NBCUniversal is "expected to lose money on its coverage of the London Olympics," though NBC Sports Group Chair Mark Lazarus "declined to predict how steep the losses could be," according to Meg James of the L.A. TIMES. Lazarus said, "The jury is still out, we don't know where we'll end up." NBCU is paying $1.18B for the TV rights to the Games, and Lazarus said that NBC sales execs "have been busy this year selling advertising time for the company's unprecedented coverage." NBCU is "planning 5,535 hours of coverage on nine channels," 2,000 more hours than the net provided for the '08 Beijing Games. Lazarus said, "We're not predicting that we will necessarily be profitable." He added that in addition to ad sales, the company "receives financial contributions from TV station affiliates and cable and satellite TV providers, which helps defray its costs." Lazarus: "The deal we made for the four Games will be a profitable deal for us when the final score comes in" (L.A. TIMES, 6/28). In Philadelphia, Bob Fernandez notes NBC Sports execs "dampened expectations that TV viewership for this summer's London games would top that of the 2008 Beijing games, but said national TV advertising sales are running about $100 million ahead of Beijing." Lazarus said, "I would love to match those scenarios, though it's unlikely. We are not measuring ourselves against Beijing." NBCU President of Research & Media Development Alan Wurtzel projected that the London Games "would fall within the top-five TV events of all time, with total viewership of more than 200 million Americans over 17 days." NBC has sold $950M in advertising for the games, and Lazarus said that "those national ad sales could reach $1 billion." The comparable number for Beijing was $850M. Lazarus said that NBC "would not lose as much money as the entertainment conglomerate had originally projected" (PHILADELPHIA INQUIRER, 6/28).

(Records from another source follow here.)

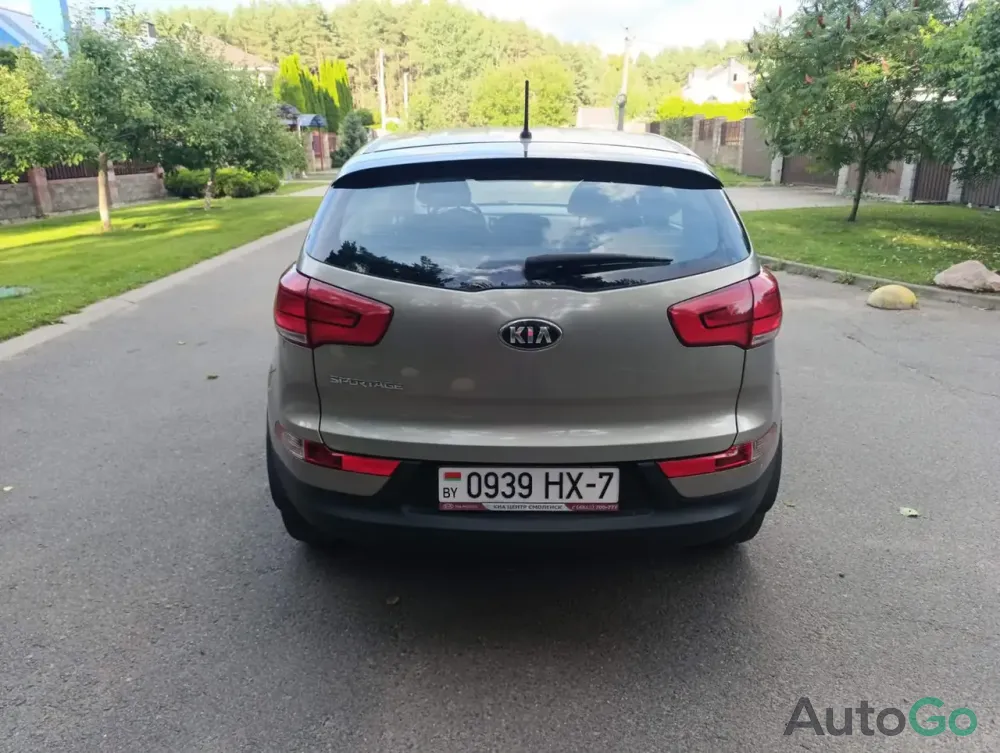 Продажа Kia Sportage III Рестайлинг, 2014г., Минск Минск - изображение 4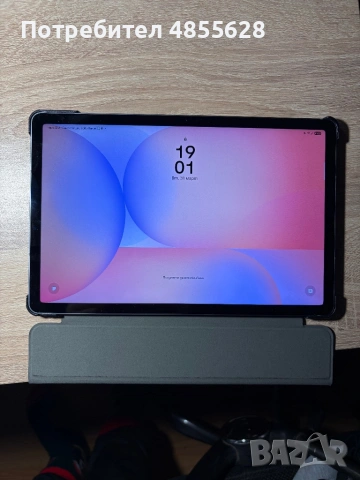 КАТО НОВ ! Таблет Самсунг S10 lite, снимка 3 - Таблети - 54893967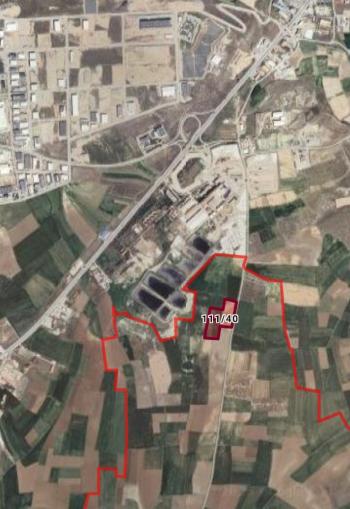 GÜVENAY - ÇORUM ANKARA YOLU ŞEKER FABRİKASI YANI SATILIK TARLA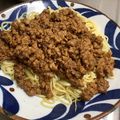 しょう3_3's cooksnap of when they made こんにゃく麺で汁無し坦々麺 ダイエットに.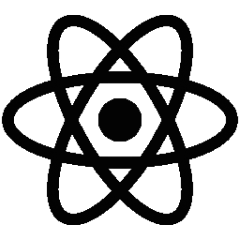 React.js logo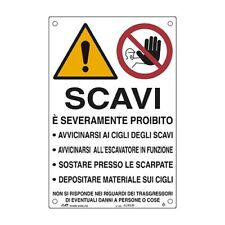 CARTELLO SEGNALETICO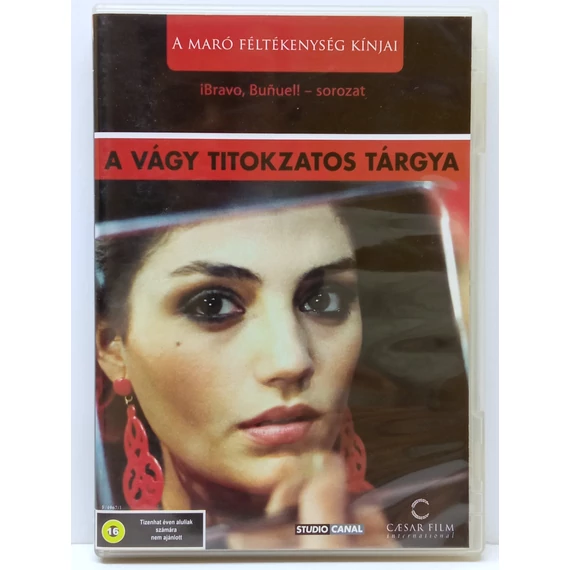 A vágy titokzatos tárgya - Luis Buñuel filmje - karcmentes DVD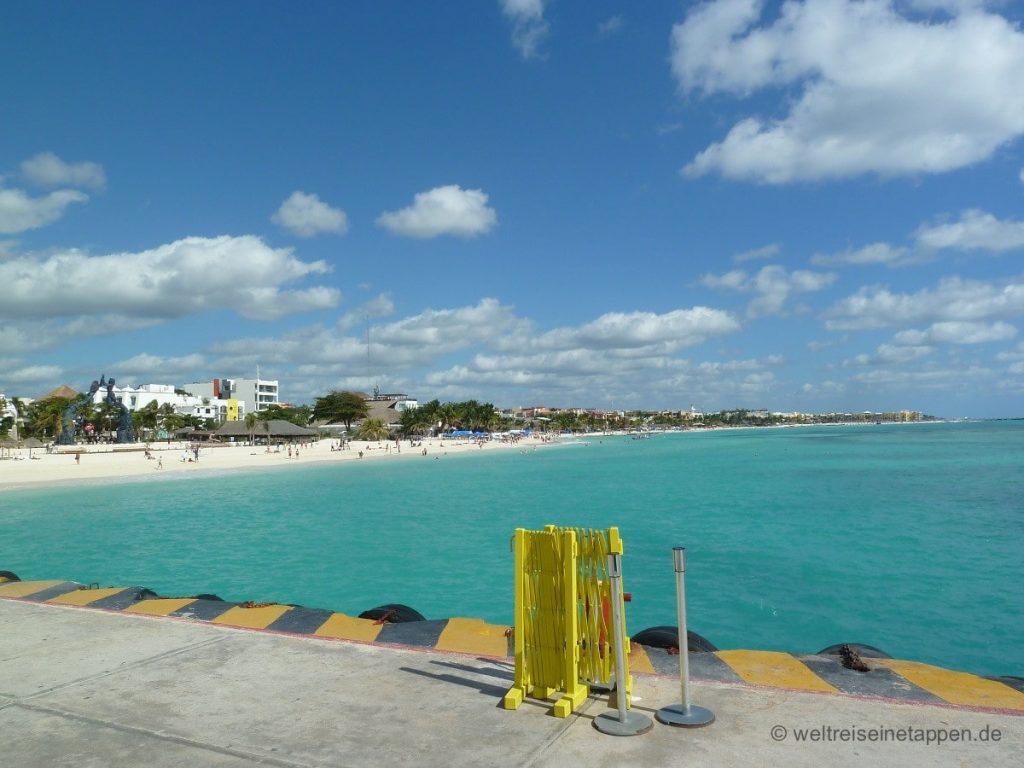 Playa del Carmen Yucatan Mexico Fähre Cozumel
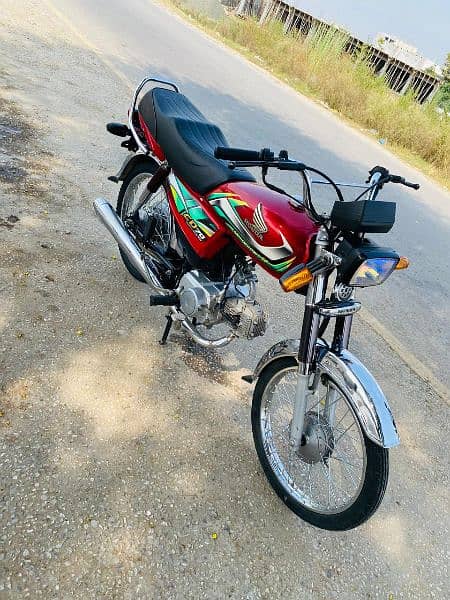 Honda CD 70 2022 Model 2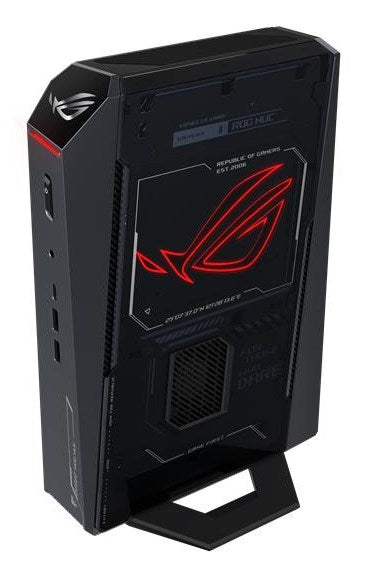 ASUS ROG NUC RNUC15JNK9X28AA2 Intel Core Ultra 9 275HX 32 GB DDR5-SDRAM 2 TB SSD NVIDIA GeForce RTX 5080 Windows 11 Home USFF Mini PC черен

DIGITAL REVOLUTION: In N.Y., Richard Sandomir writes NBC's plans in London "represent a break from the past and a continued embrace of it." Every event "will be shown live, online, at NBColympics.com." Live events also will "be seen on the NBC Sports Network, CNBC, MSNBC and NBC in the mornings and afternoons." But in "prime time, NBC's broadcasts will be on tape." NBC has been "moving toward a digital Olympics, a bit fitfully, and somewhat fretfully, since 2008." But now, it "appears to be a wholehearted shift to the digital present." Lazarus said, "As times have changed there is a sense to satisfy all people with technology. And the ability to provide live streams of every event is one that we now have." NBC's Bob Costas suggested that the Olympic business model former NBC Sports Group Chair Dick Ebersol "championed was not wrong -- and that criticism of it was off base." Sandomir writes NBC "did what it had to do, with its dependence on prime-time advertising to finance its rights fees, and without billions of dollars of ESPN-like subscriber fees, to pay its Olympic rights fees." But NBC's "adherence to a business model that made sense internally did not mean that fans, and those who are paid to watch, were wrong in registering their dismay at taped sports events and minimal live streaming." Sandomir: "Technology, and corporate ownership, have clearly altered NBC's Olympic course" (N.Y. TIMES, 6/28).